The ordeal began early in her tenure when Bondi asserted on Fox News that a client list of sex predator Jeffrey Epstein was “sitting on my desk right now.” The comment took the White House by surprise, and Bondi later said she was referring generally to documents related to Jeffrey Epstein. But the comment had already sparked a firestorm online and fueled expectations that the department was finally ready to release long-rumored evidence that would implicate powerful men who may have abused girls alongside Epstein. The client list, however, didn’t exist, the department later said.
She went on national television, told the world a client list naming powerful predators was sitting on her desk, and it was a lie. Or a mistake. Either way, it was a disgrace.
It got worse from there. In February, she distributed “Epstein Files” binders to conservative influencers at the White House. Except the binders contained almost no new information. So she handed out props. Branding. Theater. All while millions of files sat unreleased, videos were missing, audio was missing, and logs were missing.
Despite a December court order requiring the release of all grand jury records in the Epstein case in accordance with the Epstein Files Transparency Act, roughly 2.5 million files had yet to be released.
The law required full transparency. She gave influencers empty binders.
Her Congressional Hearing Was a Complete Disaster
When Bondi testified before the House Judiciary Committee in February, she turned the inquiry into a shambles, hurling shocking personal insults at members of both parties. When Rep. Jamie Raskin argued that Bondi was not following hearing rules, Bondi replied, “You washed-up, loser lawyer. You’re not even a lawyer.”
This is the sitting Attorney General of the United States of America. Acting like that in a congressional hearing. On camera. About the most serious sex trafficking case in American history.
And Then There’s the Real Reason She Got Fired
Donald Trump for months had been discussing his frustrations with Bondi over what he believed was a failure to aggressively bring cases against his personal and political foes.
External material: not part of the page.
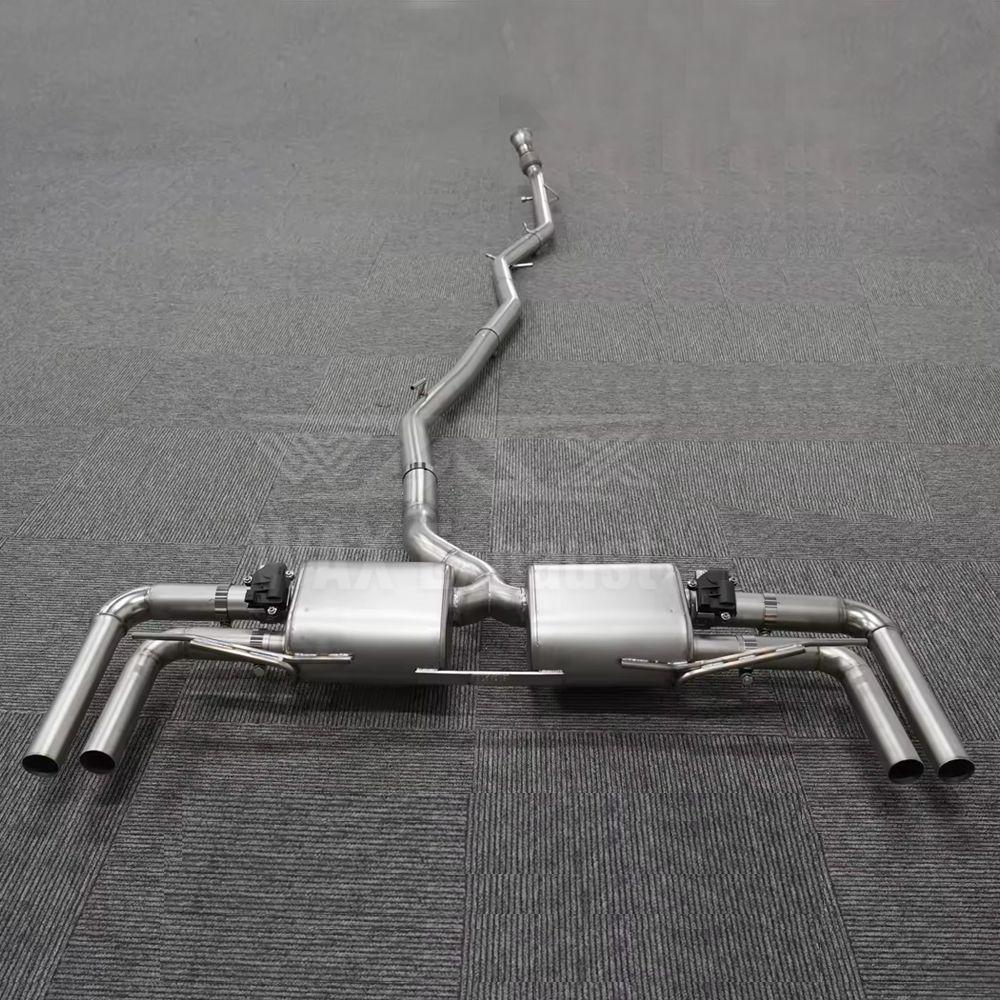 Stainless Steel Quad Exhaust System for Mercedes GLE300/350/450 (2019-2024)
One former Trump lawyer summed it up bluntly, saying Bondi “couldn’t bring Trump the bleeding heads of his enemies on a platter like he wanted.”
The DOJ’s dismissal of federal criminal prosecutions of former FBI Director James Comey and New York Attorney General Letitia James embarrassed the administration. Trump had pushed Bondi to criminally charge Comey and James, who are enemies of his.
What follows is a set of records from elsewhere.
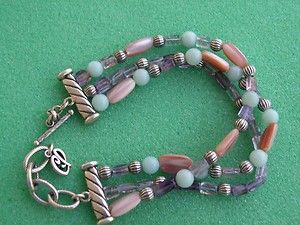 Carolyn Pollack 3 strand bracelet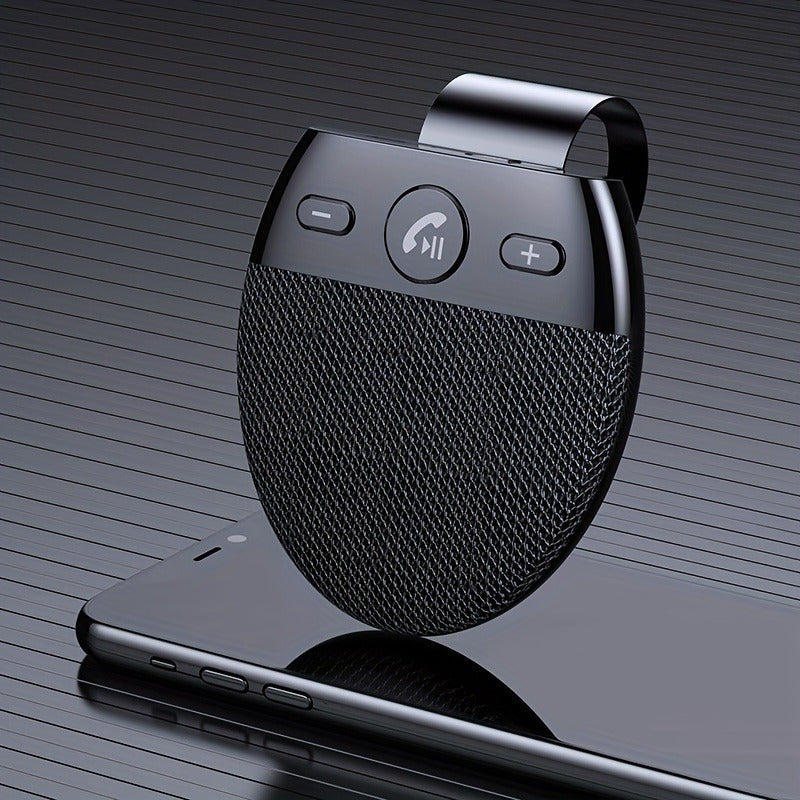Hands-Free Car Kit Speaker – Bestselling Wireless Sun Visor Speakerphone with Built-In Microphone & Music Playback for Safe Driving and Clear Calls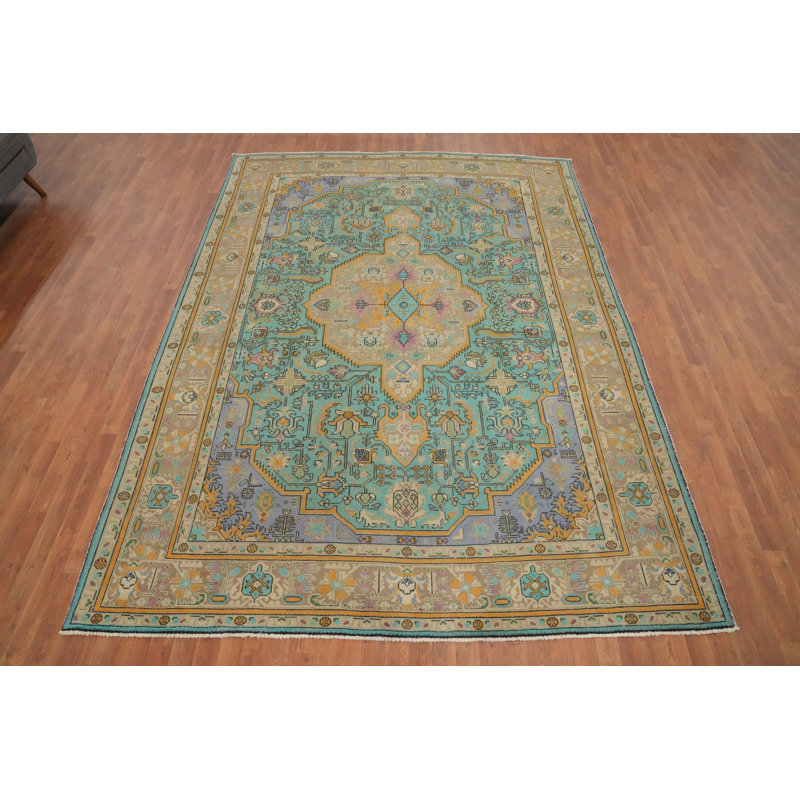 Tapis traditionnel géométrique rétro 8 x 11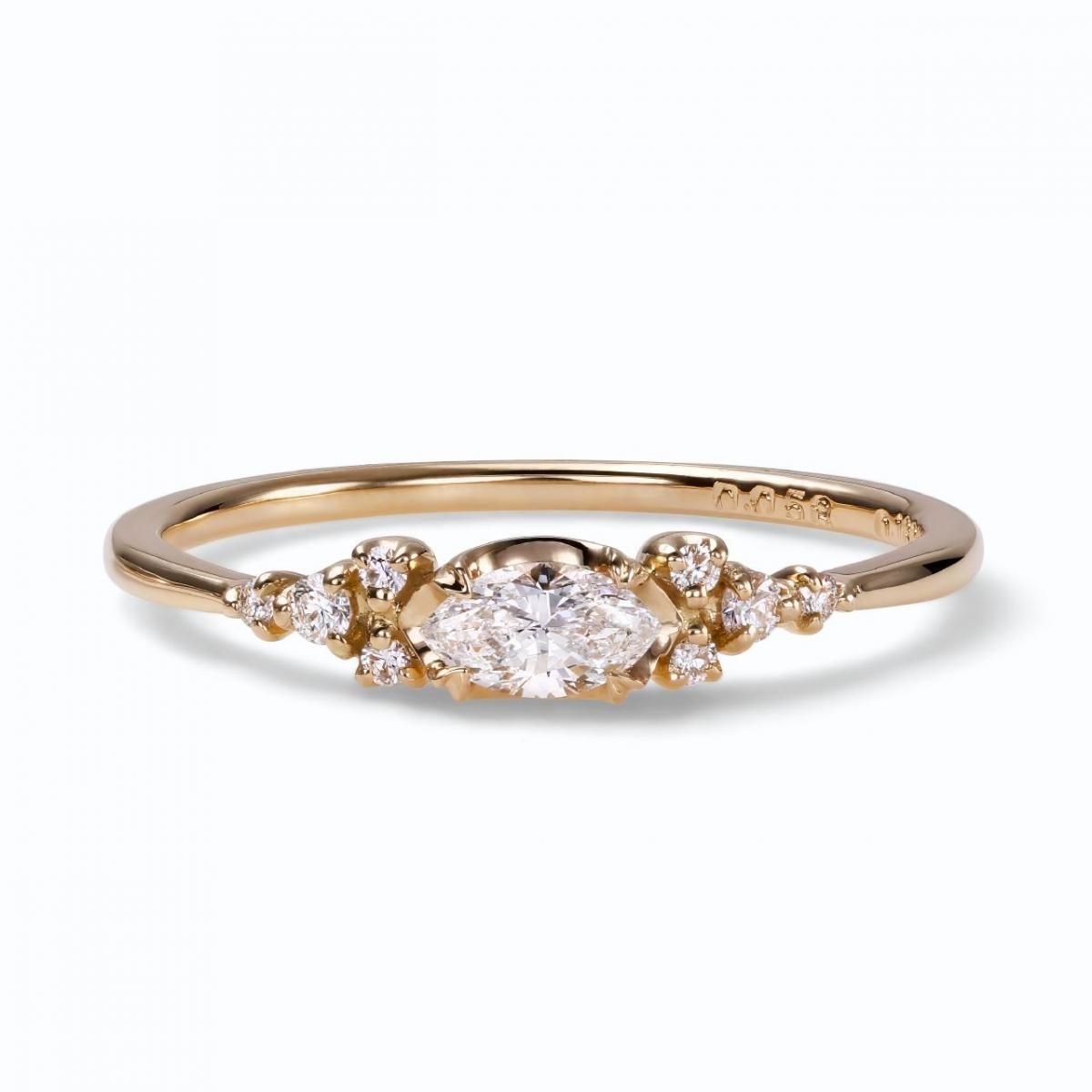 新作】「NOAH/箱舟-limited model-」マーキスカットダイヤリング(K18)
So she was out here trying to prosecute people Trump didn’t like, failed at that too, AND bungled the biggest sex trafficking cover-up investigation of our lifetime. It is genuinely hard to do all of that at once.
The Part Nobody Is Saying Out Loud
Some members of Congress are saying the firing itself was a move. Rep. Seth Moulton suggested that Trump fired Bondi to prevent her from testifying in the House probe related to Epstein. Think about that. Fire your own attorney general one week before her scheduled deposition about Epstein, then have the DOJ argue she doesn’t have to show up because she’s no longer the AG.
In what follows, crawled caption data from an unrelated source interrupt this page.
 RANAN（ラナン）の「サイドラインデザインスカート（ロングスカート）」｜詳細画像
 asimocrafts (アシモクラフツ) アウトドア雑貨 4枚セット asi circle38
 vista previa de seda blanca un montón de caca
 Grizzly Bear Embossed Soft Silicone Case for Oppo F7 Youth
The Epstein controversy became a political problem for the administration, and toward the end Bondi was largely sidelined from publicly addressing the Epstein files, with Deputy Attorney General Todd Blanche taking on a more prominent role. That same Todd Blanche is now the acting attorney general. Blanche also spearheaded talks with Epstein associate Ghislaine Maxwell, who is serving a 20-year prison sentence, and she was later quietly moved to a minimum-security prison camp in Texas.
The woman who helped traffic children for Jeffrey Epstein got transferred to a cushy prison camp after a meeting with the man who is now running the Justice Department.
60% of Americans disapprove of Trump’s handling of the Epstein files, including more than one in four Republicans.
Pam Bondi is gone. But the files are still missing. The videos are still missing. The audio is still missing. And the people with answers are still running.